A solução, segundo Ishikawa, tem sido a capacitação dos trabalhadores entrantes (ajudantes de obras, em sua maioria) no próprio canteiro de obras. Além disso, diz ele, muitas companhias desenvolveram e vêm implementando programas próprios de qualificação, com concreteiras e empresas de pré-fabricados, artefatos de cimento e construtoras investindo em cursos profissionalizantes para os funcionários.
“Há ainda o trabalho do Senai na área de aprendizado profissional”, informa ele, reforçando que o movimento de capacitação de mão de obra por parte de construtoras e incorporadoras não tem sido suficiente para evitar o aumento do custo das obras em razão dos salários inflacionados. “O momento é de muita concorrência no mercado e, não raro, uma obra “rouba” o operário de outra, com a oferta de uma remuneração de 10% a 15% maior”, afirma.
Na avaliação de Ely Wertheim, presidente executivo CEO do Secovi-SP, a desorganização da cadeia de produção da indústria decorrente do período pandêmico agravou ainda mais o problema. Para o executivo, a situação é passageira e deve ser equacionada até o fim deste ano, com impacto reduzido especialmente no segmento de alto padrão. “Companhias que trabalham com empreendimentos de médio e alto padrão têm margens mais flexíveis e condições de oferecer salários melhores e cumprir prazos de entrega.
Para o presidente da Associação Brasileira de Incorporadoras Imobiliárias (Abrainc), Luiz Antônio França, a elevação da complexidade das tarefas na construção civil atual também pressiona os investimentos privados em capacitação.
“Cada vez mais são necessários treinamentos periódicos e aprimoramentos para o trabalhador poder acompanhar as novas tendências e exigências do mercado”, destaca.
Na opinião do executivo, esse cenário tem também um efeito positivo: o crescimento da qualidade técnica dos profissionais.
“Com acesso a novas tecnologias, um trabalhador que começa a carreira como servente pode, em pouco tempo, executar tarefas mais complexas, o que também abre espaço para novos entrantes no mercado.”

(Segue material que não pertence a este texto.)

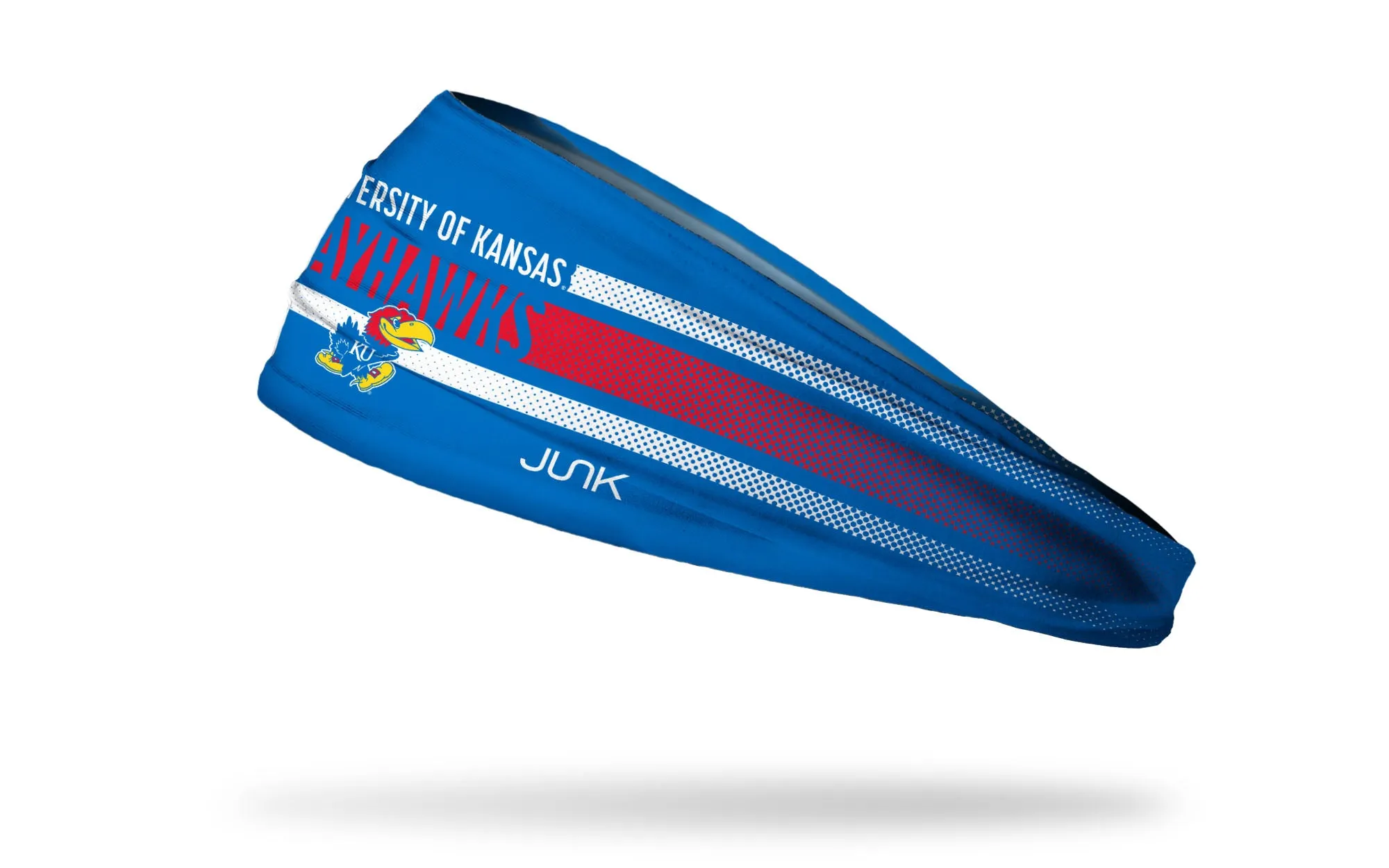 University of Kansas: Faded Stripe Big Bang Lite Headband sold by JUNK Brands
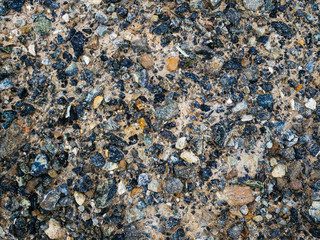 Deposit of coal and other natural resources. Soil with many stones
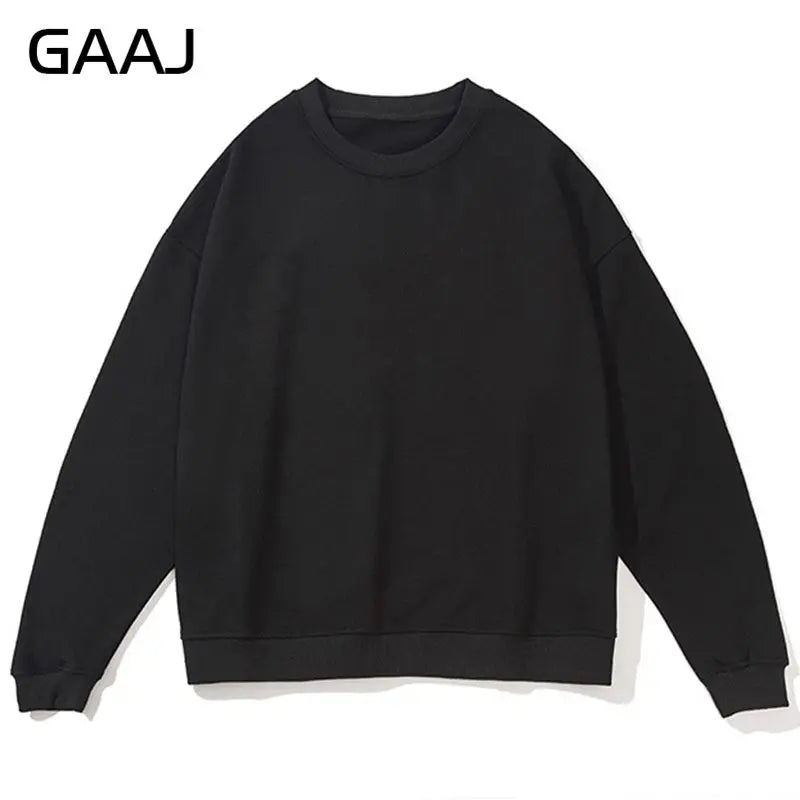Uniseks sweatshirt met lange mouwen, ronde hals, basic trui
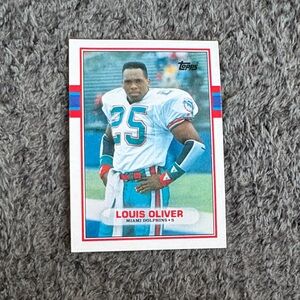 Topps Miami Dolphins Louis Oliver Football Card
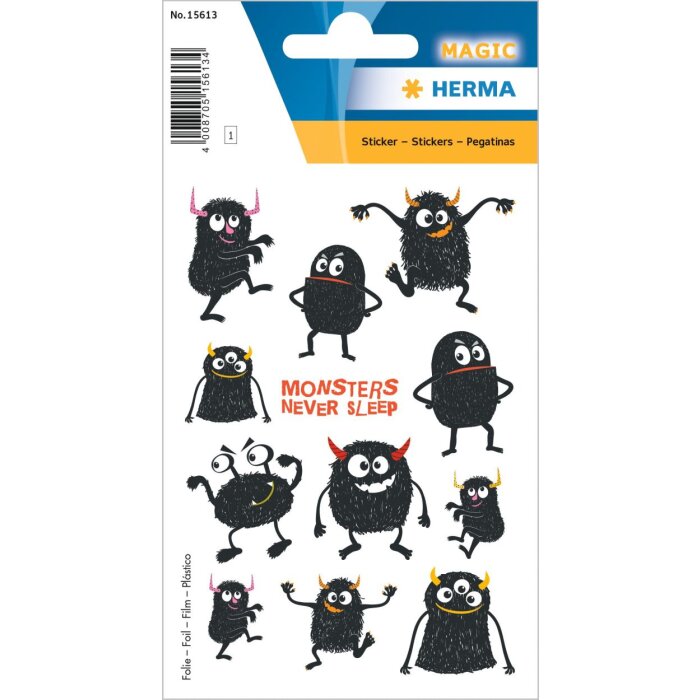 HERMA Monštrá nikdy nespia, fóliová nálepka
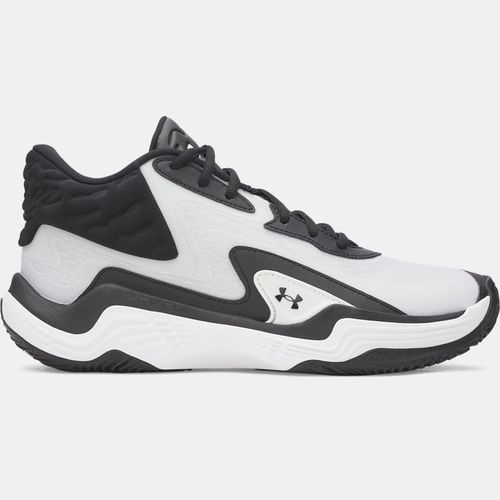 Under Armour Spawn 7 Mid Unisex Basketball Shoes White / White / Black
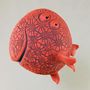 Sculptures, statuettes et miniatures - POISSON VOLANT ROUGE - MALIFANCE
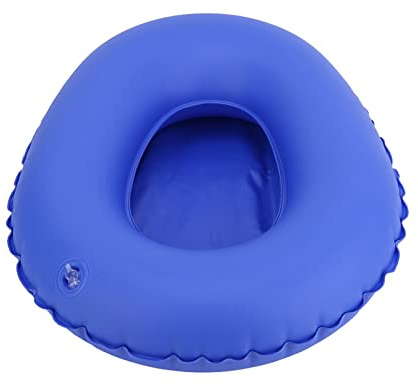Annadue Bassin de Lit Gonflable, Urinoir Médical pour Personnes âgées Alitées, Bassin de Lit Anti-escarres avec Coussin Doux, Chaise Percée Portable pour Soins à Domicile à l'hôpital, Urinoir pour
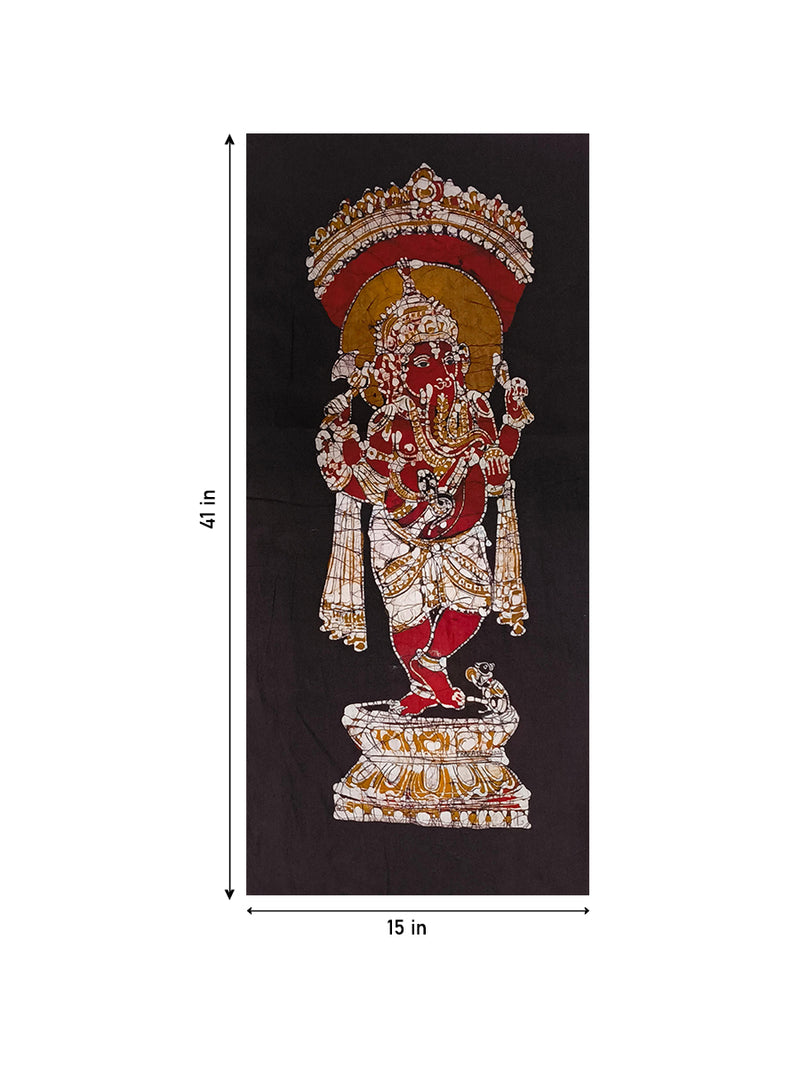 Lord Ganesha in Batik by Prakash Yasala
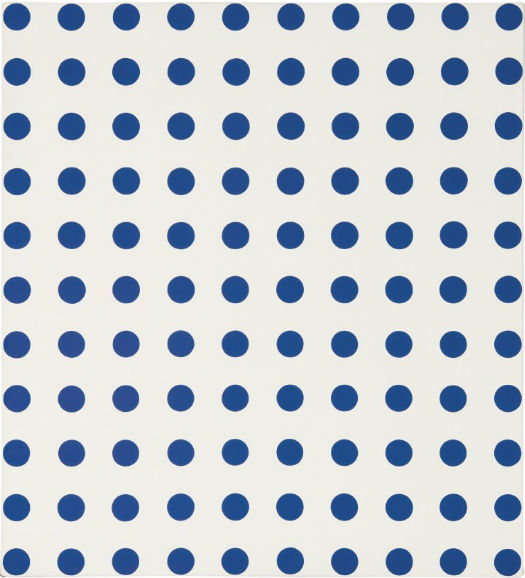Damien Hirst, Acetic Anhydride (Blue Dots), 2007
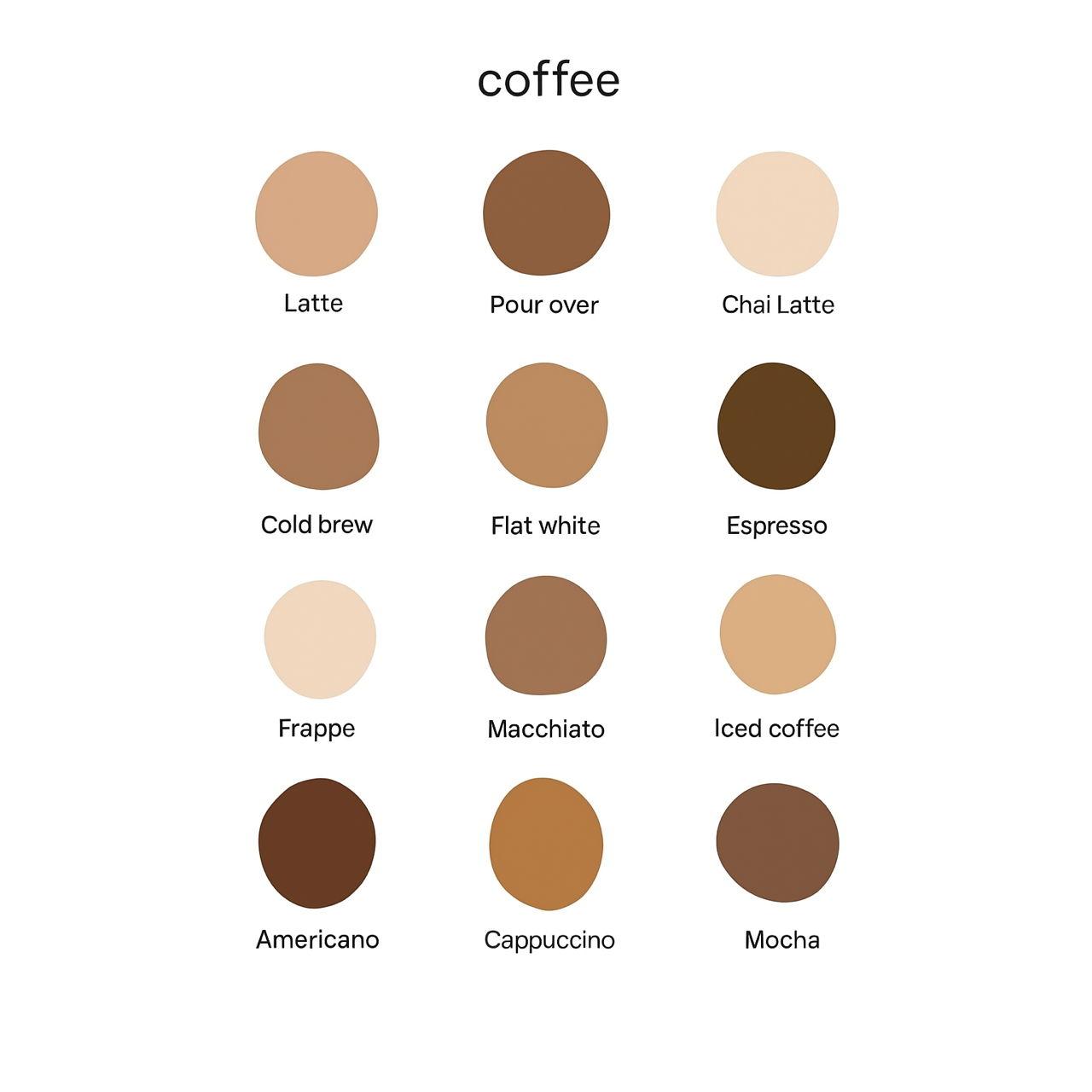 Coffee Shades of Brown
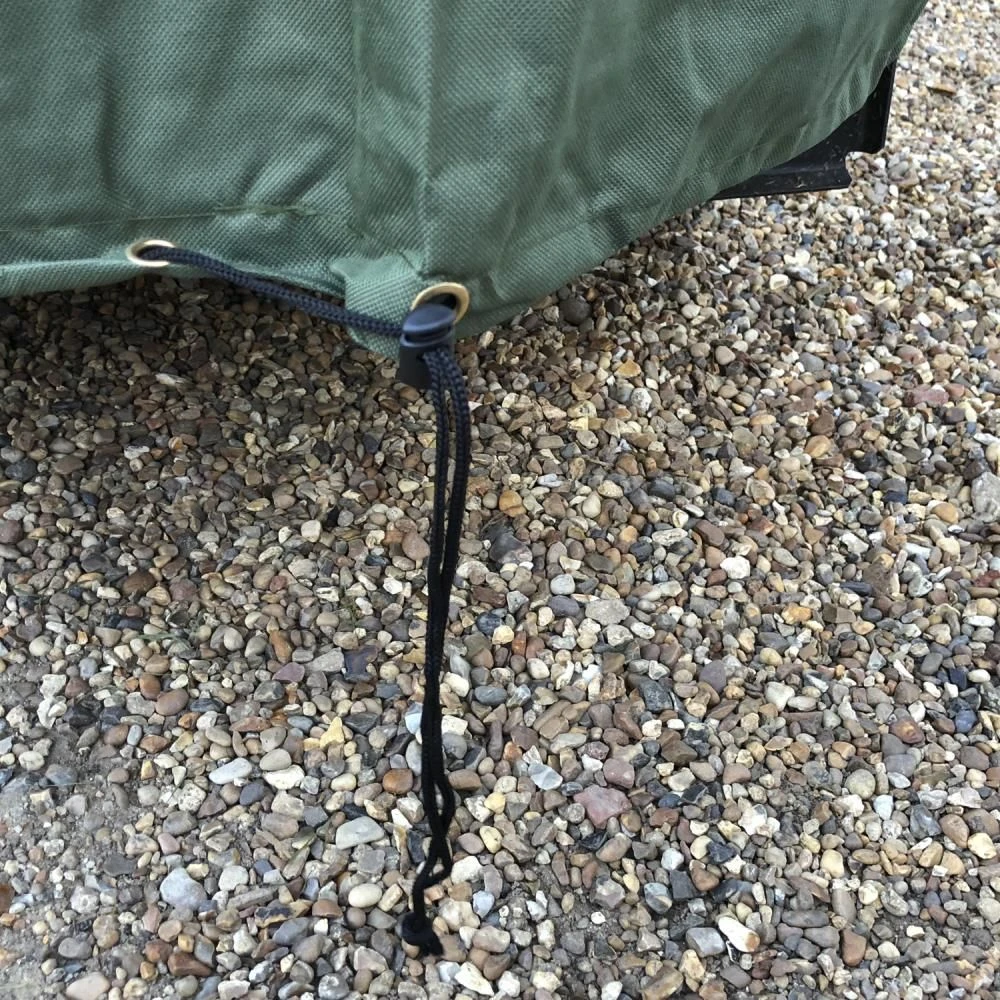 Woodside Green Outdoor Ride On Lawn Mower Waterproof Protective Cover - Image 8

Curso de qualificação pode ter custo zero para as construtoras
O avanço da tecnologia aplicada à construção civil e a utilização de novos materiais para fundações, estruturas e acabamento das edificações têm exigido níveis cada vez maiores de instrução do trabalhador que pretende atuar no setor. Para aprimorar a qualificação dos empregados, muitas construtoras têm investido em capacitação interna.
É o caso da Trisul S.A., que desenvolve um programa próprio de aprimoramento em seus canteiros de obras desde 2019. A iniciativa já qualificou mais de 60 operários nas habilidades azulejista e pedreiro de elevação de alvenaria e de argamassa de fachada. Roberto Pastor Júnior, diretor técnico da construtora e responsável pela área de qualificação, informa que os trabalhadores que passaram pelo programa conseguiram obter melhoria salarial média de 40%.
“O interesse deles em aprimorar suas habilidades é crescente”, afirma Pastor, acrescentando que as aulas são realizadas no fim do turno e contam com grande adesão. Ele prevê a formação de duas novas turmas até o fim de fevereiro: de pedreiro de fachada e de azulejista. Os cursos têm duração de dois meses.
Outro caminho disponível para as empresas do setor é uma parceria com o Serviço Nacional de Aprendizagem Industrial (Senai), que também oferece um curso volante e gratuito, o programa Aprendendo a Construir, que leva o conhecimento diretamente para a obra por meio de videoaulas e material didático impresso.
Dentre os cursos mais procurados estão os de carpinteiro, armador, pedreiro, gesseiro, eletricista e encanador. Eles têm carga horária de 160 horas, com aulas práticas e teóricas, e podem ser customizados conforme a necessidade de formação indicada pela construtora.